Come tk think of it, I didn’t really have the US in mind as reason to write ‘western’ instead of European. It was more as contrast to the Eastern block, which was a constant source of refugees for quite a part of this period. The disappearance of European refugees from the standard mix surely had an effect on perceptions. In the 1980s, Afghani refugees felt like a familar wave, after Hungarians and Czechs etc.

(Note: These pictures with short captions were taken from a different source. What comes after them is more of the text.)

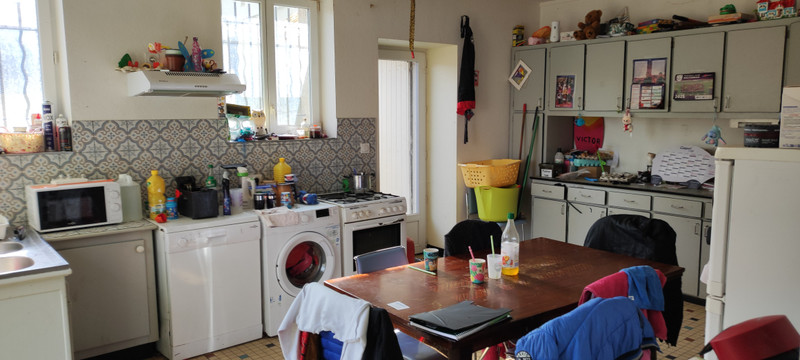 French property for sale in Melleran, Deux-Sèvres - €118,810 - photo 3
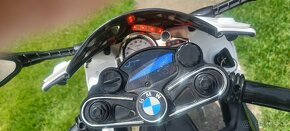 elektrická motorka BMW S1000RR - 5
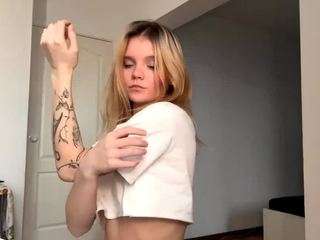 Live webcam model dominiquecarino on Soda Cams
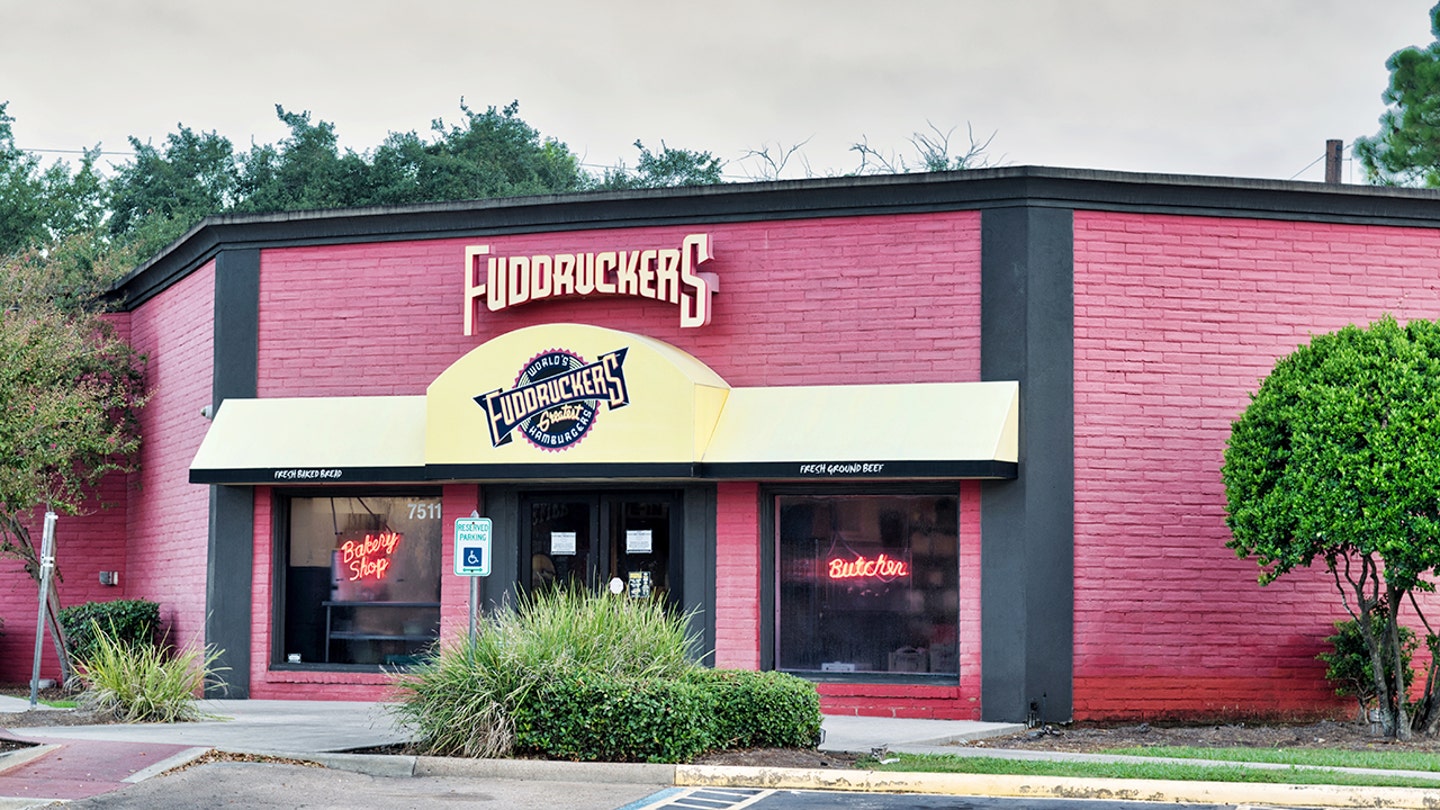 Το Fuddruckers έγινε το «Blockbuster» των μπέργκερ, και τώρα έχει σχεδόν εξαφανιστεί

The holocaust is also getting ever longer ago. Many European countries carried a shame about refusing Jewish refugees in the 1930s.

27

Ellis Goldberg 09.11.13 at 7:51 pm

The differences between Allende’s presidency and Morsi’s are at least as great as the similarities. Rather than the moralizing with which your readers probably agree, perhaps an actual exploration of the differences and similarities would be useful especially on the assumption that anyone wanted to understand events in Egypt today. An initial point of departure: Allende never won a majority of the vote, never controlled the legislature (which actually asked for an intervention), but did function in a system that had had regular, free and fair elections for 45 years; Morsi won a majority of votes in a run-off, also had a legislative majority (including members he appointed), and lived under a constitution his party and its allies had just written. And of course had General Rene Schneider not been murdered and General Carlos Prats driven into exile, Pinochet would have remained an unknown figure and the Chilean armed forces quite possibly would have awaited the next election which the 1973 mid-terms had shown the UP was very likely to lose. We don’t know exactly what happened but Morsi not only chose Al-Sisi, he was the one who (apparently) drove his predecessor, Tantawi, out of office. Allende, by the way, in the final weeks before the coup, actually tried to come to terms with the forces arrayed against him; this, as far as I can tell, Morsi refused to consider.

28

EWI 09.11.13 at 9:24 pm

@ Ellis Goldberg

I’m going to charitably assume that you know (and merely neglected to mention) that Schneider was murdered in a CIA scheme to smooth the path of the would-be coup plotters.

29

Ellis Goldberg 09.11.13 at 9:42 pm

@EWI: Thank you for your charity. I did neglect to mention the role of the US in Schneider’s murder. I also, more broadly, neglected to mention that the CIA was actively involved in overthrowing Allende while the Obama administration seems to have been at least passively involved in trying to save Morsi. US policy changes would be another aspect of the difference. And of course I neglected to point out that Roberto Vieira with at least the knowledge of the CIA attempted an earlier coup, the socalled Tanquetazo, and that General Prats was assassinated in exile as was Orlando Letelier (along with Ronni Moffitt who I also recall). I also deliberately refrained from pointing out that in Chile the defeated forces did not respond by attacking largely defenseless members of a minority religious or ethnic group as has occurred in Egypt especially in the South where dozens of churches have been set on fire and Christians killed. But the basic point was not to give an exhaustive history of these two coups but to point out that exploring them would be more useful than moralizing.

30

Wonks Anonymous 09.11.13 at 10:18 pm

The Muslim Brotherhood had a majority in the Egyptian legislature and the coup was directed about as much at the party as it was at Morsi. My understanding is that Chile was more like Honduras, where the legislature summoned the Man on the White Horse to unseat the executive. I don’t think Honduras experienced as much political violence in the wake of the coup as Egypt & Chile did, but I’m quite ignorant about all three cases.

31

Sasha Clarkson 09.11.13 at 10:46 pm

Just to compare: Allende had a bigger percentage of the vote than Tony Blair in 2005, or David Cameron in 2010 – I do realise that the systems of government aren’t comparable.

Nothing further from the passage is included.